Work task: From the data that follows, print exactly the lines starting at the one containing "Decoding the Colors" and ending at the one containing "Wired Gaming Mouse"; include both of them and nothing more.

Available records:
——————
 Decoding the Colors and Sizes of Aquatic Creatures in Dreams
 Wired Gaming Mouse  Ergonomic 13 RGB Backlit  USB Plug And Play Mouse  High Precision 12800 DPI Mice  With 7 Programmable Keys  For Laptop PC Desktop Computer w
——————
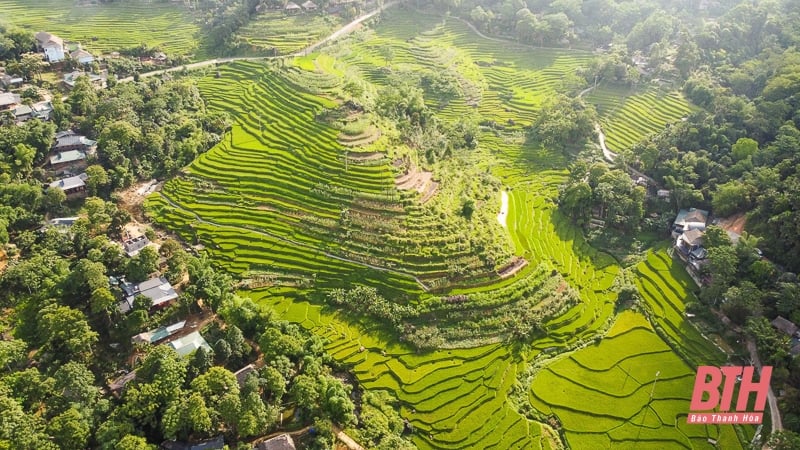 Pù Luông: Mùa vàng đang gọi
——————
Output of the exercise:
 Decoding the Colors and Sizes of Aquatic Creatures in Dreams
 Wired Gaming Mouse  Ergonomic 13 RGB Backlit  USB Plug And Play Mouse  High Precision 12800 DPI Mice  With 7 Programmable Keys  For Laptop PC Desktop Computer w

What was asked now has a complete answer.